Today, we will explore an application that requires high levels of hardware specs to host and highest level of performance, It’s SAP HANA.
SAP HANA is one of the most powerful Data Processing software in the world. It’s an in-memory, column-oriented, relational database management system developed and marketed by SAP SE. SAP HANA was supported on vSphere 5.1 for non-production environment and became supported for production in Q2 2014 on vSphere 5.5.
Best practices here are gathered from few sources found that are mentioned in References section below. I’ll follow the same schema of my previous posts and relate these best practices to our five Design Qualifiers (AMPRS – Availability, Manageability, Performance, Recoverability and Security) in addition to Scalability.
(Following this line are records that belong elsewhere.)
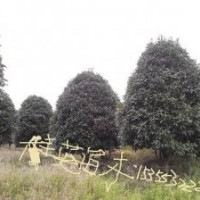 批發(fā)上海精品桂花價(jià)格 江蘇桂花最新價(jià)格咨詢 浙江桂花批發(fā)商
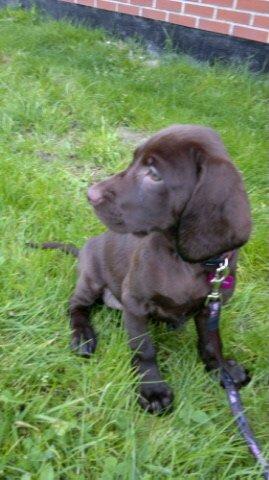 Blanding af racer Malou billede 7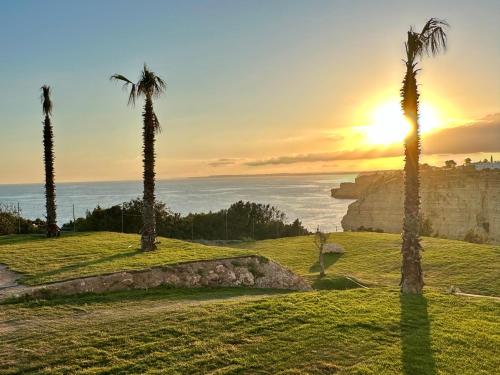 a group of palm trees and the ocean at sunset at Luisela Mar Algarve in Carvoeiro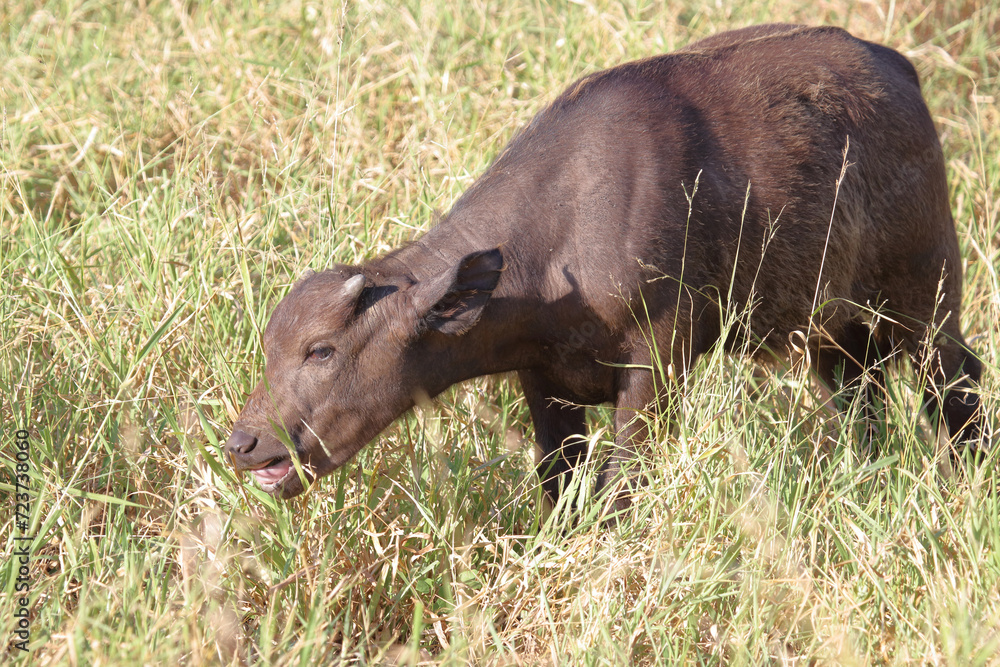 Kaffernbüffel / African buffalo / Syncerus caffer. Kaffernbüffel / African buffalo / Syncerus caffer.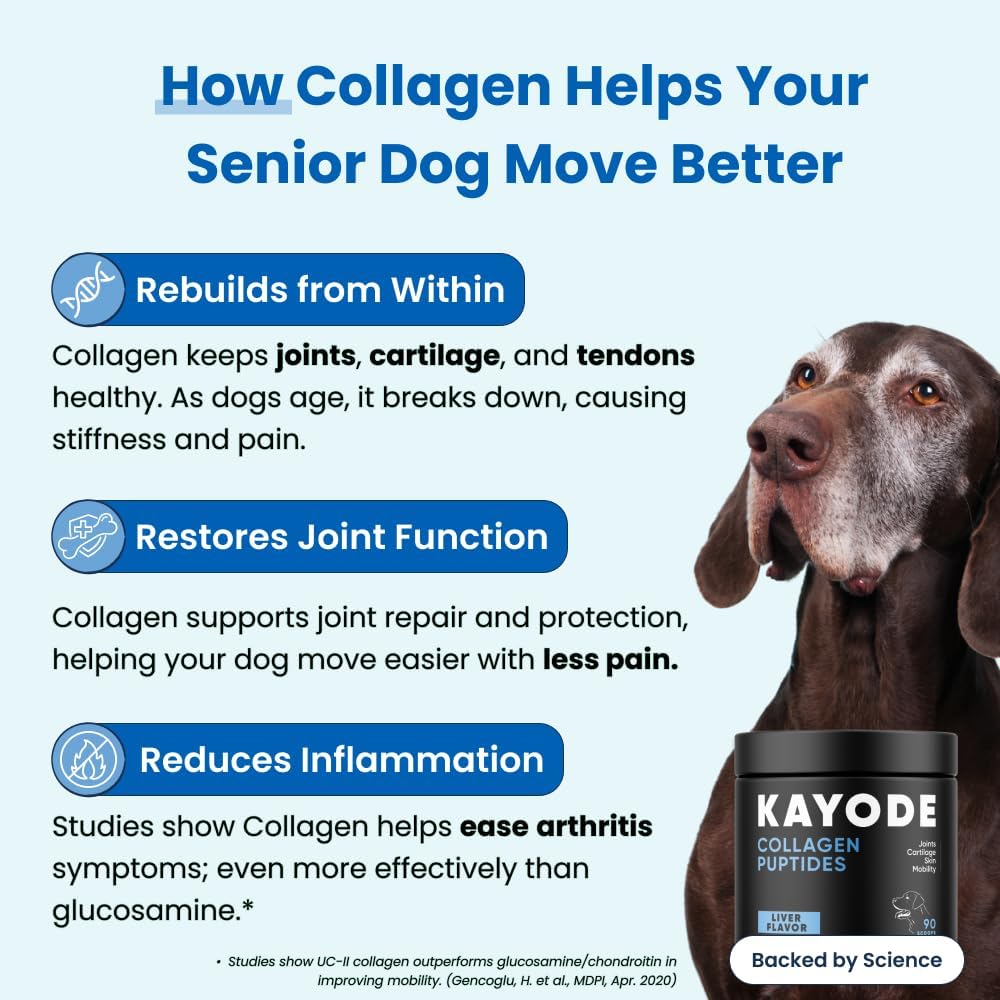 Kayode Collagen Puptides Dog Joint Supplement 90 Masticables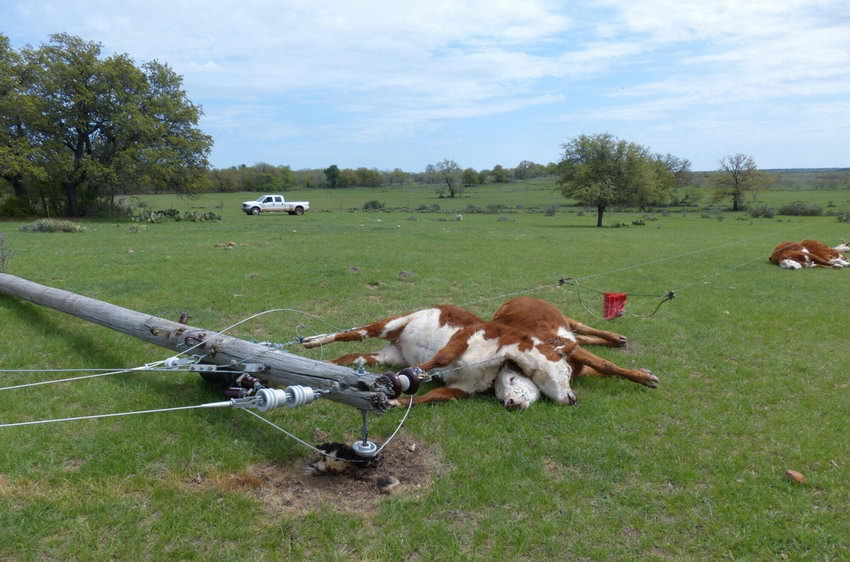 ЛЭП упала на стадо коров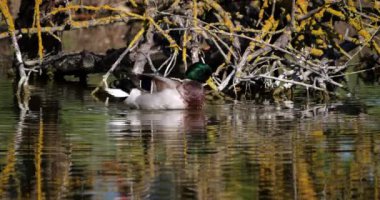 Mallard Duck, anas platyrhynchos, Yetişkin Erkek Horlaması, Camargue 'deki Gölet Saintes Maries de la Mer, Slow Motion 4K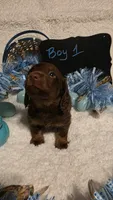 Beau, a male Dachshund for sale in Muncie, IN – Photo 1 of 7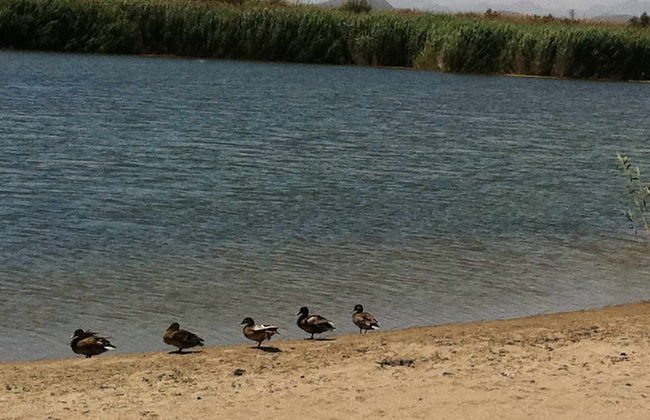 Venavera H21a - 2 Dorm/1baño A Pie de Playa - Foto 44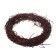 Dry fern, wreath - 8 cm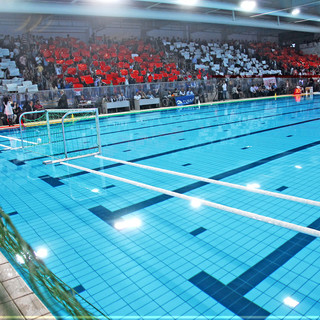 Len Euro Cup. Il maxischermo sarà alla Piscina Zanelli. Dalle 17:00 l'happening biancorosso, alle 18:00 via alla partita tra Vasas e Rari Nantes Savona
1-) Leverage vMotion with your SAP HANA VMs. Make sure that destination host has the required resources to run migrated VMs.
2-) Make sure to enable DRS in Fully Automated Mode on the cluster hosting SAP HANA VMs. SAP HANA support migration of its VMs using vMotion.
3-) Use DRS Anti-affinity rules for separating SAP HANA VMs apart and use VM-Host Should Affinity rules to keep SAP HANA VMs on their certified ESXi Hosts only.
4-) Make sure to add the automatic SAP HANA start parameter to the SAP HANA configuration file to enable SAP HANA automatic restart after reboot in case of HA event.
5-) Try to leverage VM Monitoring to mitigate the risk of Guest OS failure. VMware Tools inside Oracle VMs will send heartbeats to HA driver on the host. If it’s stopped because Guest OS failure, the host will monitor IO and network activity of the VM for certain period. If there’s also no activity, the host will restart the VM. This add additional layer of availability for SAP HANA VMs. For more information, check this: vSphere HA VM Monitoring – Back to Basics | VMware vSphere Blog – VMware Blogs.
6-) Try to leverage Symantec Application HA Agent for SAP HANA VMs with vSphere HA for max. availability. Using Application HA, the monitoring agent will monitor SAP HANA instance and its services, sending heartbeats to HA driver on ESXi host. In case of application failure, it may restart services and any dependent resources. If Application HA Agent can’t recover the application from that failure, it’ll stop sending heartbeats and the host will initiate a VM restart as a HA action. This adds another layer of availability to your SAP HANA instances. For more informations, check this pdf from VMware.
1-) Follow all VMware best practices for Latency-Sensitive Applications in this pdf: Tuning Latency-Sensitive Workloads on vSphere.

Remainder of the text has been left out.